_Activity_
What you should end up with is an exact copy of the lines from the one holding "Single Metal Bed" through the last line of the entries below, both included, and nothing else; leave every picture out.

_Provided records_
....

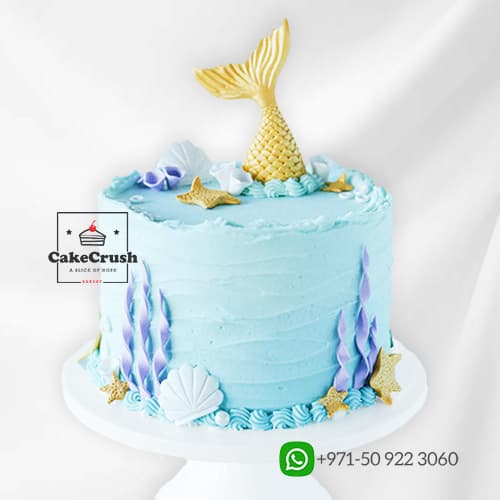 Mermaid Theme Cake
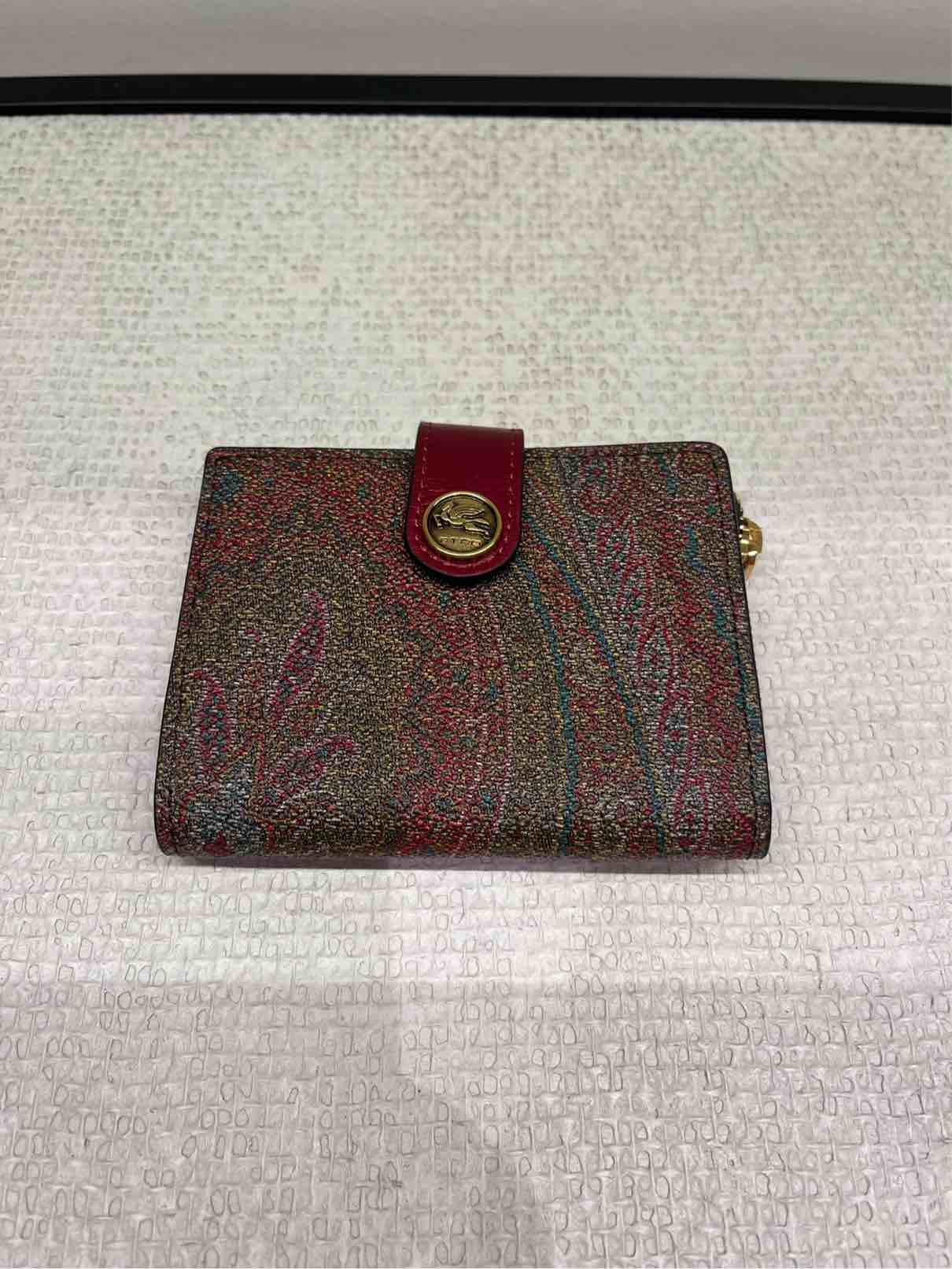 ETRO PORTAFOGLIO PAISLEY RETTANGOLARE SMALL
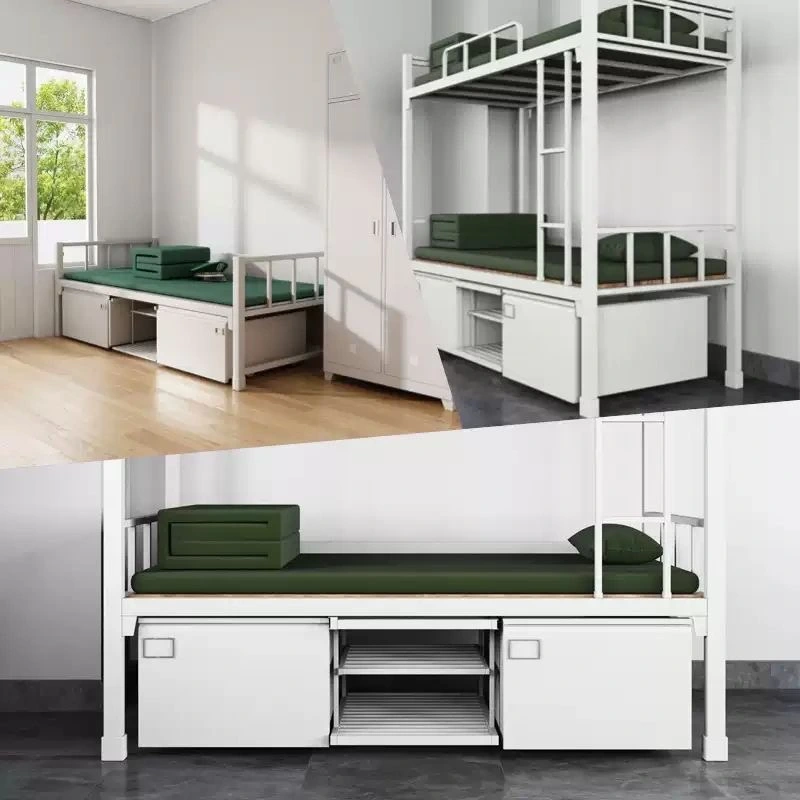 Single Metal Bed Frame With Storage Cabinet+Application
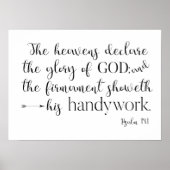 Psalm 19:1 Typografie-poster Poster (Voorkant)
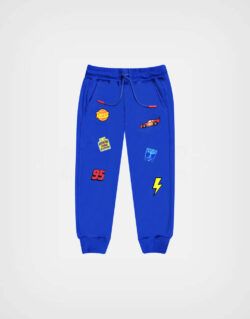Pantalón Jogger Cars Rayo McQueen Color Azul Para Niños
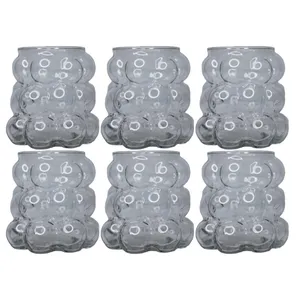 فنجان مدل حبابی نامنظم بسته ۶ عددی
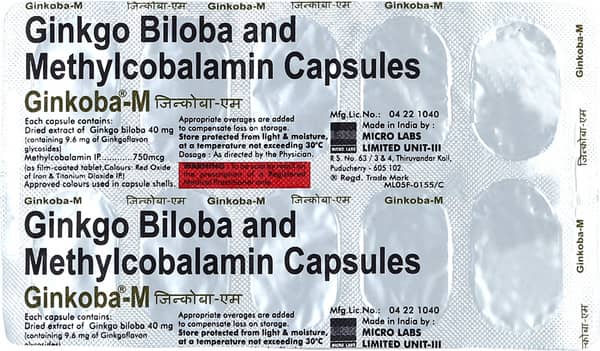 Ginkoba M Strip Of 10 Capsules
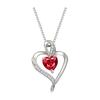 Ожерелье в форме сердца для женщин, подвеска в форме сердца с искусственным кристаллом, ожерелье в форме камня на День матери, годовщину, день рождения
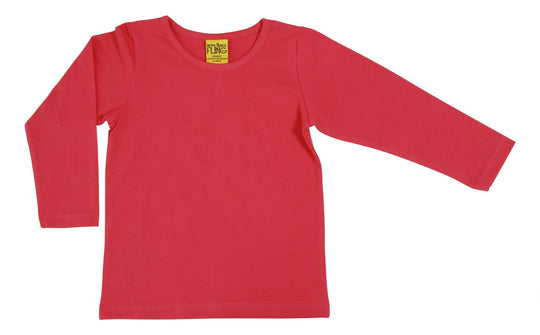 DUNS Sweden Top Long Sleeve - More Than A Fling Rouge Red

....

_Exercise response_
 Single Metal Bed Frame With Storage Cabinet+Application
 Psalm 19:1 Typografie-poster Poster (Voorkant)
Pantalón Jogger Cars Rayo McQueen Color Azul Para Niños
 فنجان مدل حبابی نامنظم بسته ۶ عددی
 Ginkoba M Strip Of 10 Capsules
 Ожерелье в форме сердца для женщин, подвеска в форме сердца с искусственным кристаллом, ожерелье в форме камня на День матери, годовщину, день рождения
 DUNS Sweden Top Long Sleeve - More Than A Fling Rouge Red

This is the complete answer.